Yum’s business in the rest of the world appears to be robust, so it’s not surprising that Nowak told analysts: “We remain extremely bullish on our long-term prospects in emerging markets as a consuming class rapidly expands.” Sales surged by double-digit percentages in France, India and Germany/Netherlands, and grew a whopping 47% in Russia. Yum Brands also plans to add 1,ooo new locations outside China and India this year.

It’s a bit more difficult to get excited about Yum’s business in the U.S.

Gains in Taco Bell same-store sales, including last quarter’s 3% improvement, have be overshadowed by weakness in both KFC and Pizza Hut, which each posted 2% declines. Taco Bell, considered by many one the most innovative in the quick-service restaurant sector, has reported eight straight gains in same-store sales. Pizza Hut, though, is a laggard in the U.S. because, as Novak noted, “we simply weren’t competitive enough on value.”

Yum also is planning to aggressively promote KFC’s chicken wings to boost that business’s performance. Unfortunately, the road ahead for YUM’s U.S. operations isn’t easy.

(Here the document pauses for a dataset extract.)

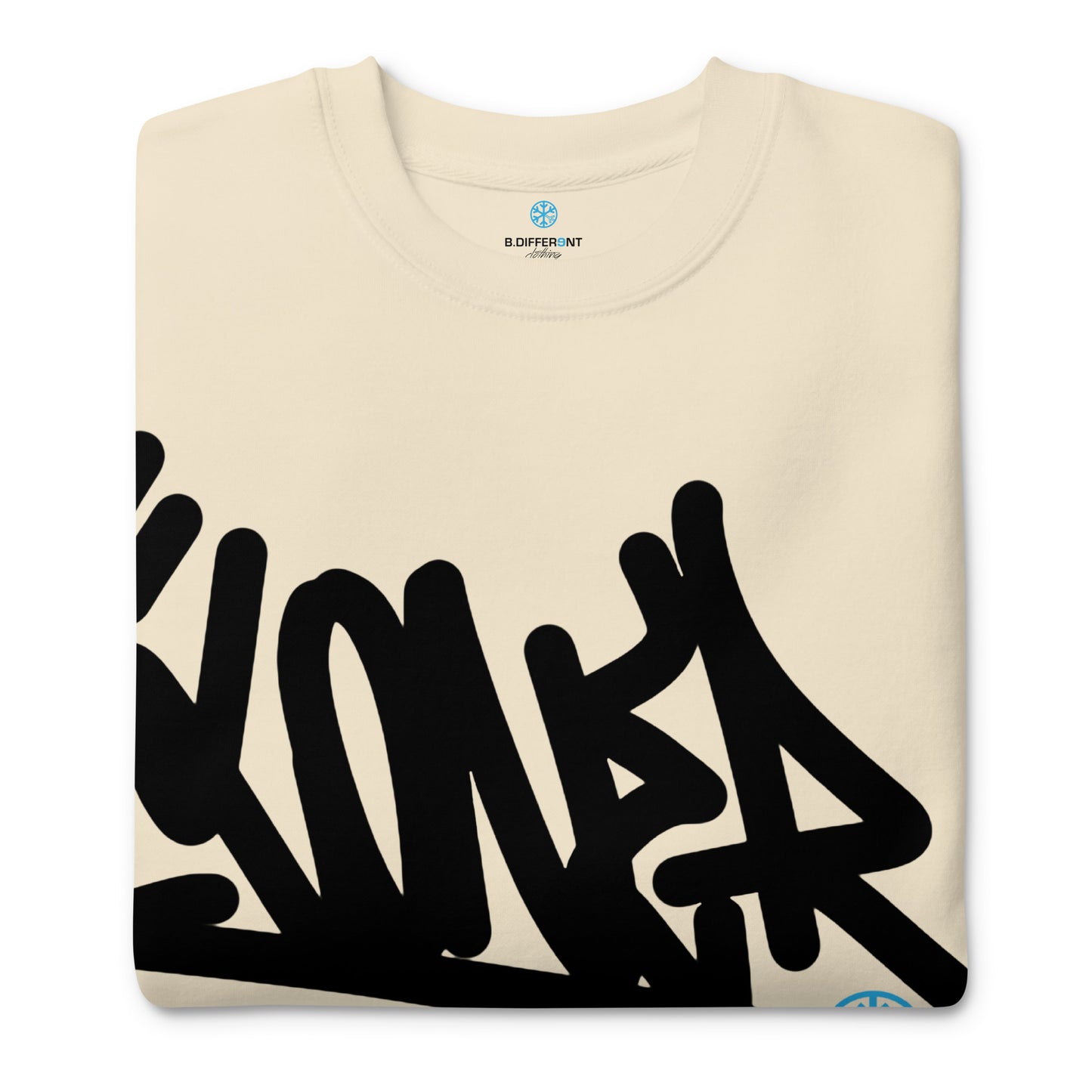 Beige-Loner Graffiti Tag Sweatshirt from B.Different Clothing, folded, graffiti-inspired streetwear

Buffalo Wild Wings (BWLD) has proven to be a formidable competitor in the chicken wings business — don’t just ask KFC, but McDonald’s (MCD), whose Mighty Wings promotion flopped. And like the Home of the Golden Arches, Yum faces a slew of better-performing rivals such as Wendy’s (WEN), Chipotle (CMG) and Burger King (BKW). Chick-fil-A can’t be discounted either. The closely held chain has had 45 straight years of positive sales growth.

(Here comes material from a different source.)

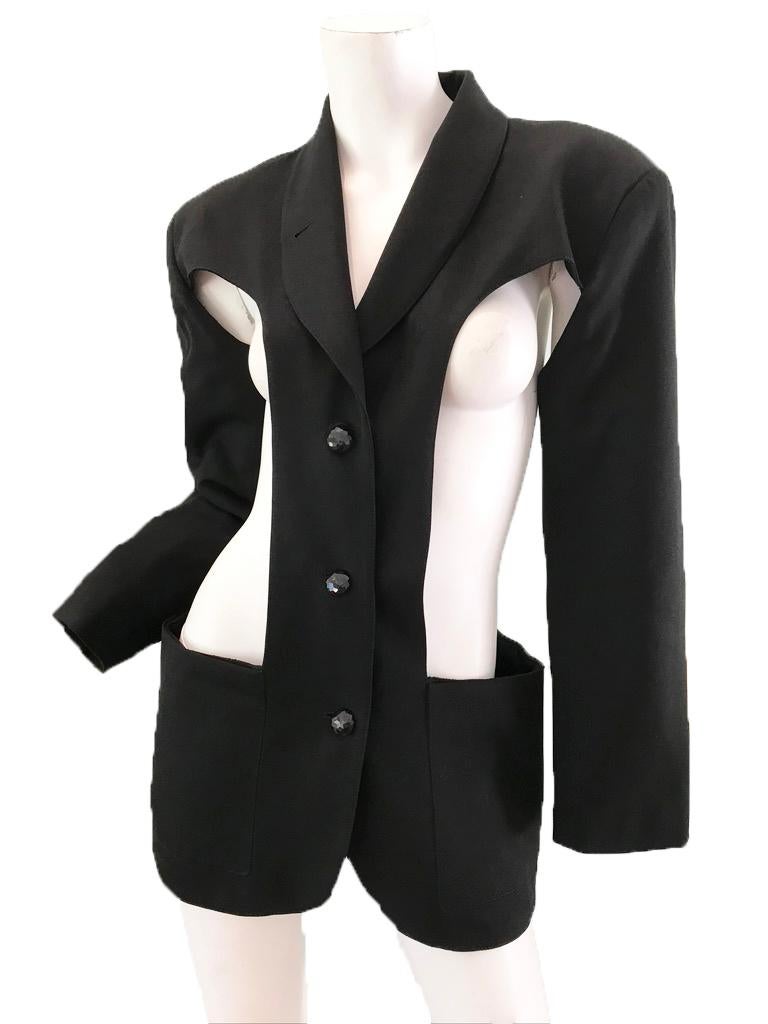 1980s Jean Paul Gaultier cut out blazer For Sale at 1stDibs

So, with Yum Brands facing challenges in the U.S., but at least seemingly better prospects internationally, it’s worth checking out valuation to see whether YUM stock is a buy.

And Yum Brands is a compelling value. YUM trades at 17 times forward estimates, making it much cheaper than rivals Wendy’s (30) and Burger King (29), and putting it slightly under MCD’s 19 P/E. Even after Tuesday’s run-up, Yum trades at a 12% discount to its average 52-week price target of $79.70.

Even better, analysts are expecting Yum Brands to post double-digit revenue gains over the next few quarters — far better than its peers. Plus, YUM stock also offers some protection in the form of a 2.2% dividend. Not that YUM is a buy for the yield, but it’s a small cushion that should be taken into consideration.

Personally, I would like to see more proof that Yum Brands can achieve those 20% earnings projections before considering the stock a “buy,” but the bear case certainly is there for less conservative investors.

As of this writing, Jonathan Berr did not hold a position in any of the aforementioned securities.